Jordan’s Nepco signs agreement to boost grid efficiency for renewables

Nepco + Toyota partner to upgrade Jordan’s electricity grid: Jordan's National Electric Power Company (Nepco) and Japan's Toyota Tsusho Corporation have signed an agreement to improve the quality and efficiency of Jordan’s electrical system to accommodate smart grids and an influx of renewables, according to a statement. Under the agreement, the electromechanical and static protection relays in some of the main transformer stations in the grid will be replaced. The project will be funded with a USD 6.5 mn grant from Japan International Cooperation Agency (JICA).

What we know: The project will replace the existing electrical protection systems with high-performance digital protection relays at the 400/132 kV South Amman transformer station and the Aqaba substation 400/132 kV. Replacements for the distance protection relays on the East Amman – South Amman lines with 400 kV will also be carried out and installations of differential protection relays in both stations.

Why does this matter? Jordan aims to switch to smart grids on its national grid to be better equipped for the influx of renewable energy being added from renewables plants, the statement notes.

This has been in the works: JICA and Jordan’s government signed the agreement for a grant for the Project for Strengthening Capacity of Power System Operation last September.
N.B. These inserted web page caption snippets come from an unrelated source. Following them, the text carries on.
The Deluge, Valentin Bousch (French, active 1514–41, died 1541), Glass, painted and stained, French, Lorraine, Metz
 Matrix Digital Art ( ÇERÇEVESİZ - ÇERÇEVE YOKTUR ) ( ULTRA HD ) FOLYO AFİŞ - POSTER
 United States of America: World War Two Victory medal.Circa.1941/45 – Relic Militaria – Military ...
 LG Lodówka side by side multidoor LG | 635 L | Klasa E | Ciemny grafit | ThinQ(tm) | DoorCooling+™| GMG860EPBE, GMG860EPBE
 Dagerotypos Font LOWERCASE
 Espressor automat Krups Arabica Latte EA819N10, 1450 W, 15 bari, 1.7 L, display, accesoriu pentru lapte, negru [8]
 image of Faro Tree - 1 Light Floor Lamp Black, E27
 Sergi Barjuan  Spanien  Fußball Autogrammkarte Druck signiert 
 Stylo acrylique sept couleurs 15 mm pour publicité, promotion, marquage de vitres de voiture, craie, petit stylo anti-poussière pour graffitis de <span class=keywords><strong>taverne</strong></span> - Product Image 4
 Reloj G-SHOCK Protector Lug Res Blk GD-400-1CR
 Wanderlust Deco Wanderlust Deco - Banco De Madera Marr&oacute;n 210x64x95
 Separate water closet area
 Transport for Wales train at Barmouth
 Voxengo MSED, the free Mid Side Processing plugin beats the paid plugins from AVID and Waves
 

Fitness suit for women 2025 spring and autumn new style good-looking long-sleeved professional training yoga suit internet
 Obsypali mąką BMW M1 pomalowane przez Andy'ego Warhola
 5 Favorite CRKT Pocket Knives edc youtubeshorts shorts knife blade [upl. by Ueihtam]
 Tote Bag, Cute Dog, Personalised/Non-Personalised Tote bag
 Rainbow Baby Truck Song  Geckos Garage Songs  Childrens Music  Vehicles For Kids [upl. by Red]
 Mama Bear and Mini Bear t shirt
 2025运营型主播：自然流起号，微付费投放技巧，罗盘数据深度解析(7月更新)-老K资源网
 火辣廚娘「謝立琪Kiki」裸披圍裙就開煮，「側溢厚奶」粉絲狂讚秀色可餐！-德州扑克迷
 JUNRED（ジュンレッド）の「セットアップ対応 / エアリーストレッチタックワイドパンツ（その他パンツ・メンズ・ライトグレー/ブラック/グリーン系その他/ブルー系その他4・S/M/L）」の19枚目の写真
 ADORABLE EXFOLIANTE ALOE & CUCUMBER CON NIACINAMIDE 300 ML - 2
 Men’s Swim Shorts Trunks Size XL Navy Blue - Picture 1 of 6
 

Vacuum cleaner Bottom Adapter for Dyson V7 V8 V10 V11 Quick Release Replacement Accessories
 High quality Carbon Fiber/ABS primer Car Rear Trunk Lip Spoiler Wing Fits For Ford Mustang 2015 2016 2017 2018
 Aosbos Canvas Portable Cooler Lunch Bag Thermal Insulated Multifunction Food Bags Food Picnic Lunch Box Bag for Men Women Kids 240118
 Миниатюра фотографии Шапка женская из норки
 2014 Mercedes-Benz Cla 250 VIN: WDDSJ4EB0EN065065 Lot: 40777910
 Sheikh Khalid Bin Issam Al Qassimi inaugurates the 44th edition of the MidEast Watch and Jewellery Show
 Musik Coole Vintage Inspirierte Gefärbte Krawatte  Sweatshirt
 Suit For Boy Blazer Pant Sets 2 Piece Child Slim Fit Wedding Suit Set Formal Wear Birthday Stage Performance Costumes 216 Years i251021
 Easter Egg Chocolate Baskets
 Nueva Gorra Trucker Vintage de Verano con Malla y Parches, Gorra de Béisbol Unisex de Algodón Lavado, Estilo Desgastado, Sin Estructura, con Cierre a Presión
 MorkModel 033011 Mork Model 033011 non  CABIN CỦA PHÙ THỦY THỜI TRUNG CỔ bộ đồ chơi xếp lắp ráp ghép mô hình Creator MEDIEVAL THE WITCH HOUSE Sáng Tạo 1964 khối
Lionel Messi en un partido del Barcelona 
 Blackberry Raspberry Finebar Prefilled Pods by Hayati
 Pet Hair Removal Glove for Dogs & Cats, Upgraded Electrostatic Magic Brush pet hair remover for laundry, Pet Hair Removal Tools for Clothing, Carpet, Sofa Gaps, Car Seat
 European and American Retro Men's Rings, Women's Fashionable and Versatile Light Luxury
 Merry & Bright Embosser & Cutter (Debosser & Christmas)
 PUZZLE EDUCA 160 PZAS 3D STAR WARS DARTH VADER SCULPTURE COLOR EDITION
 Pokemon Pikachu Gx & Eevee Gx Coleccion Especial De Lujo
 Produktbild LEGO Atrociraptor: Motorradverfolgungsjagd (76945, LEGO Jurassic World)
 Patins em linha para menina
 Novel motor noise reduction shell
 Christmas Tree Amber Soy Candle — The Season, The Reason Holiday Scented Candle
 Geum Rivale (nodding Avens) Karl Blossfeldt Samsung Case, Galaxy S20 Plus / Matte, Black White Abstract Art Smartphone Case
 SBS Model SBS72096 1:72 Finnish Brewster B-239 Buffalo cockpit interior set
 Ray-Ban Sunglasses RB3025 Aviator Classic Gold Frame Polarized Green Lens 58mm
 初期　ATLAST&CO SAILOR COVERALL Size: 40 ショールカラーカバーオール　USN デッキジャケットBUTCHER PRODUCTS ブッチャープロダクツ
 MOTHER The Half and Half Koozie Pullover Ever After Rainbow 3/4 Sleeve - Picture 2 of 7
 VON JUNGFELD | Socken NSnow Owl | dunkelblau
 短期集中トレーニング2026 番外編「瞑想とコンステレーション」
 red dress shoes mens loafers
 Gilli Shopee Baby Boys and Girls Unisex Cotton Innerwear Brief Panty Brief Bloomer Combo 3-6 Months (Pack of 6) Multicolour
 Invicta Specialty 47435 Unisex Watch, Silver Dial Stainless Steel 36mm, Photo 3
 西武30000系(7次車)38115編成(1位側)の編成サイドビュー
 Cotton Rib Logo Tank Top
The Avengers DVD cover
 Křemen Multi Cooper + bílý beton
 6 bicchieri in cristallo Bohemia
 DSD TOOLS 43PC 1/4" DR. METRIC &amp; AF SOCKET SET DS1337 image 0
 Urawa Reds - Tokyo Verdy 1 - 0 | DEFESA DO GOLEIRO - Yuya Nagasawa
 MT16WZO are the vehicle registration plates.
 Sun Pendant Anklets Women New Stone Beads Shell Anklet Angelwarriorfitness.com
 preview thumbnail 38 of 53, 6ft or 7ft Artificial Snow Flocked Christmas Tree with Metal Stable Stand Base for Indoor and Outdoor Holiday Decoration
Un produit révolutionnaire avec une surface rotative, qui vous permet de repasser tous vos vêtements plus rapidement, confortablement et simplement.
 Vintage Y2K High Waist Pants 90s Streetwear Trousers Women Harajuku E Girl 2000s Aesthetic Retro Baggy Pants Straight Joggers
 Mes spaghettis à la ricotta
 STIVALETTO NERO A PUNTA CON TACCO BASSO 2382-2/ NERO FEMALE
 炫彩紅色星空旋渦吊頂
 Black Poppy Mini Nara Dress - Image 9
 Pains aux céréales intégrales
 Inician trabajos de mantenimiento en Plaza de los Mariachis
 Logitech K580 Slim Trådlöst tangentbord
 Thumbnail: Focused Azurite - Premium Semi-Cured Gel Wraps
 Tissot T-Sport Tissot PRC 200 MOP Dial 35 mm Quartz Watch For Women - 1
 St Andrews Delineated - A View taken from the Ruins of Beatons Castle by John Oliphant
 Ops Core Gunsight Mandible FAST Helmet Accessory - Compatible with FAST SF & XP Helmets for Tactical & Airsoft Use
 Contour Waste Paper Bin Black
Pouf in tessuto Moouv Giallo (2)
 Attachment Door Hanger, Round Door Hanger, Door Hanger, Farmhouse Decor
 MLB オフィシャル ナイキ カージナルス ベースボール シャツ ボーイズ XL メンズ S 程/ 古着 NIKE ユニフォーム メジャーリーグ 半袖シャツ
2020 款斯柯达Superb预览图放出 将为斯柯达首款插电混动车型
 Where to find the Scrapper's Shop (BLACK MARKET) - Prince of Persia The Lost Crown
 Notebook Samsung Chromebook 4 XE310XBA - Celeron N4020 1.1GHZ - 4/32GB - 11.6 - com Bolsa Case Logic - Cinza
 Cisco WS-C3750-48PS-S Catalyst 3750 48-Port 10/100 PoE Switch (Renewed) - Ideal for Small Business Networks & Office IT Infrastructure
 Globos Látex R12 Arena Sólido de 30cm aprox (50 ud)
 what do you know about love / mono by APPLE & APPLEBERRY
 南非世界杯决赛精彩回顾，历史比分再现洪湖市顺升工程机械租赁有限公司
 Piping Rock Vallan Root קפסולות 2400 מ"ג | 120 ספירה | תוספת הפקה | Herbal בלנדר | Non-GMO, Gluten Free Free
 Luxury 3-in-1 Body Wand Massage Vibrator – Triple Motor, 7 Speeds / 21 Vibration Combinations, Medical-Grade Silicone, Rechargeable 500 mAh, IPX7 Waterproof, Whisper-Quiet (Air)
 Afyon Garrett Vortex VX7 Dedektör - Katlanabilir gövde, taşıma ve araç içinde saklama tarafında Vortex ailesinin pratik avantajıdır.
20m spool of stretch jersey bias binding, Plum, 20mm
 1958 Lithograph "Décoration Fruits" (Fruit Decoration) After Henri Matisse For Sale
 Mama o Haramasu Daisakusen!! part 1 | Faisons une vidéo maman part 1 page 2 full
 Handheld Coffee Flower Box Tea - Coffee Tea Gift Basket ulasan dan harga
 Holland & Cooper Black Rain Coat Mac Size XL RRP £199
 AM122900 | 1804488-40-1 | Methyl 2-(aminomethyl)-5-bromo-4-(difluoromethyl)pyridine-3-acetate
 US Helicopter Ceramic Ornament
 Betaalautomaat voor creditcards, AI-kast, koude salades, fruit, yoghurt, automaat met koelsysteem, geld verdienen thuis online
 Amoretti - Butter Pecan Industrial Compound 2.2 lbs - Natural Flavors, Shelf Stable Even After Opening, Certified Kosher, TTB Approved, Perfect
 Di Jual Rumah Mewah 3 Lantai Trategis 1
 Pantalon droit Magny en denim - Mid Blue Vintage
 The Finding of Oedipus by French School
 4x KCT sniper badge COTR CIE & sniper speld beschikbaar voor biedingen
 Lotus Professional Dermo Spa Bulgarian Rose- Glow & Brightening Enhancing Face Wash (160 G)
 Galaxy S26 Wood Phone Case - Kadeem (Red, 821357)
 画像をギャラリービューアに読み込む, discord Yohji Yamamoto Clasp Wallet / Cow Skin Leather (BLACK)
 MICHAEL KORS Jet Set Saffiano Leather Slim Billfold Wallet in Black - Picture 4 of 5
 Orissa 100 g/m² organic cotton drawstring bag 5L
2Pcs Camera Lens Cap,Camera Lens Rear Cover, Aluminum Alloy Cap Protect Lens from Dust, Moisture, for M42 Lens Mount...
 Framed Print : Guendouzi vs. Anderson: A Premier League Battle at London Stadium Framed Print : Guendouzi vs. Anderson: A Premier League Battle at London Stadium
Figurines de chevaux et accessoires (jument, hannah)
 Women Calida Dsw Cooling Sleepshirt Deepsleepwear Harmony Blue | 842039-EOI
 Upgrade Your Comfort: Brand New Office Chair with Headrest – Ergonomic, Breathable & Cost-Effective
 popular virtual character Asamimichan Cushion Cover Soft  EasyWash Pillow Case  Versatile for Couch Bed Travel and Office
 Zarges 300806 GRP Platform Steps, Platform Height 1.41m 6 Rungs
The project will be implemented over three years, including design and the bidding period, and aims to install a total of 223 digital protective relays at three substations. Japan’s government also extended a USD 100 mn Electricity Sector Reform and Resilience Enhancement Program loan (pdf) to help Jordan implement its Economic Modernisation Vision.

A long-standing Jica-Nepco partnership: Jica and Nepco are working on a capacity development project to rehabilitate Iraq's electricity sector. The initiative focuses on the rehabilitation of power infrastructure and the enhancement of institutional frameworks to boost service efficiency.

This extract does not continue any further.